» **Input for this task**:
★ ★ ★
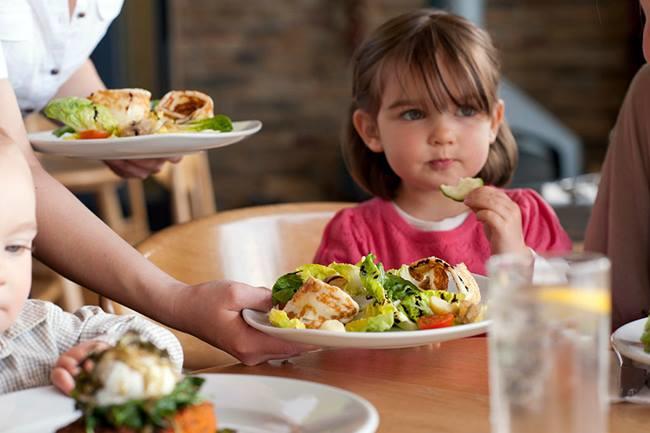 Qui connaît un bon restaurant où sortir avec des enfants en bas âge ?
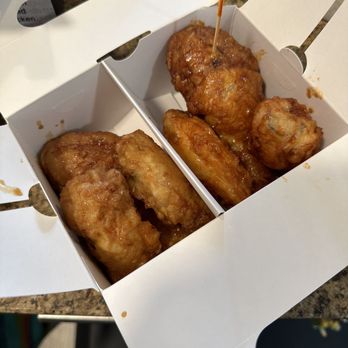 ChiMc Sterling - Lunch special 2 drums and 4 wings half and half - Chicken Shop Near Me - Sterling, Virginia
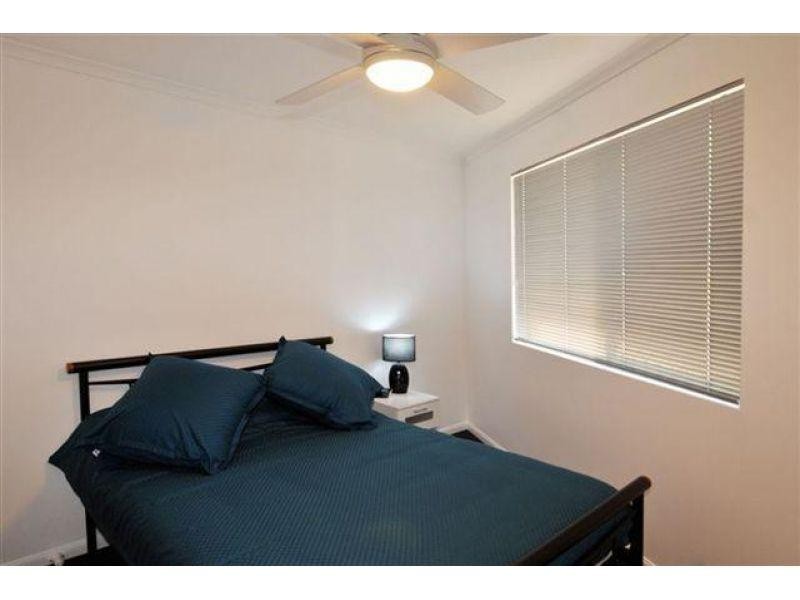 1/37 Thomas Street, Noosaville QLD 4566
★ ★ ★
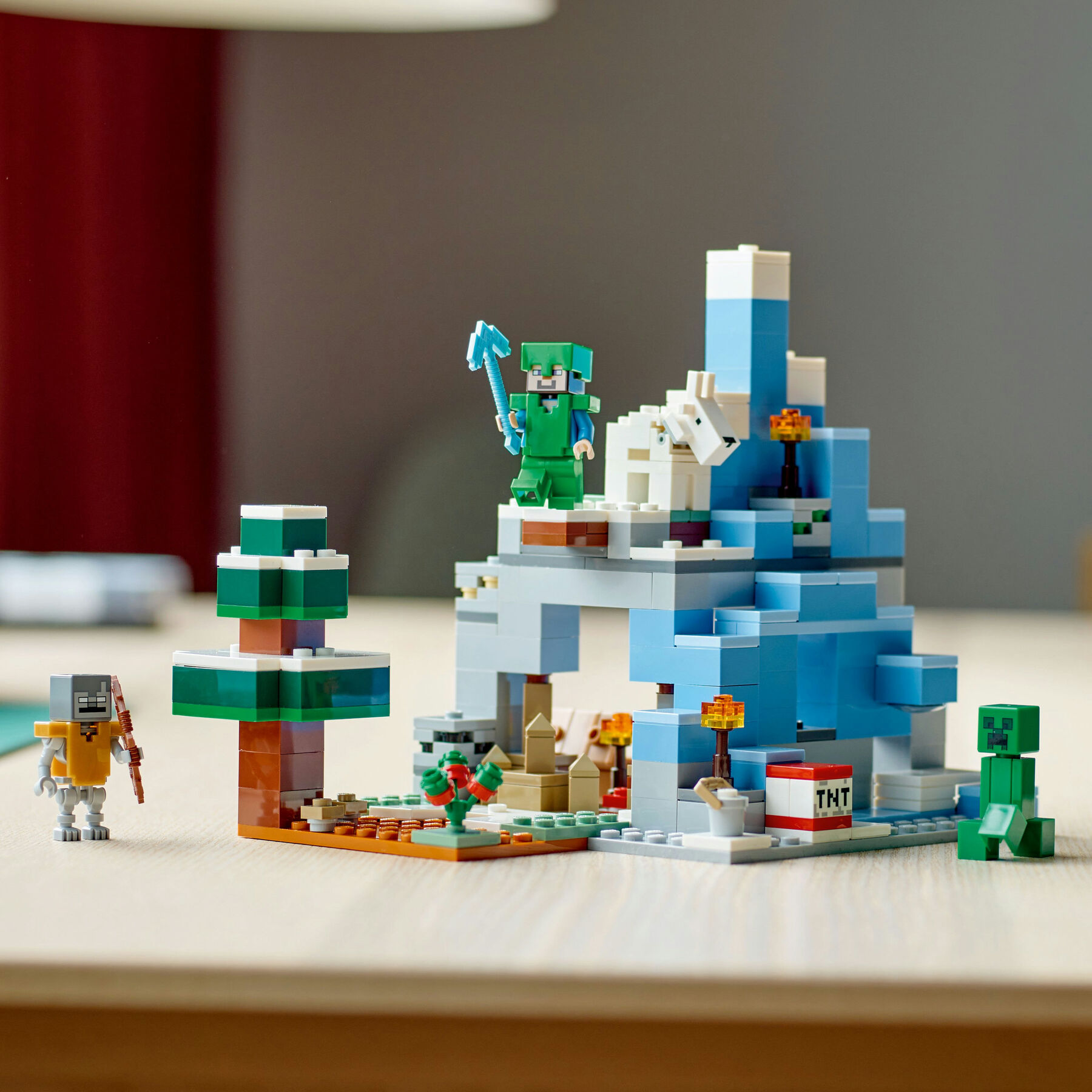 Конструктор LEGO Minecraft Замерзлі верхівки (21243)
★ ★ ★
What you write must match the listing exactly, from the line with "Qui connaît un" up to and including the line with "1/37 Thomas Street, Noosaville QLD 4566". Pictures stay out.

 Qui connaît un bon restaurant où sortir avec des enfants en bas âge ?
 ChiMc Sterling - Lunch special 2 drums and 4 wings half and half - Chicken Shop Near Me - Sterling, Virginia
 1/37 Thomas Street, Noosaville QLD 4566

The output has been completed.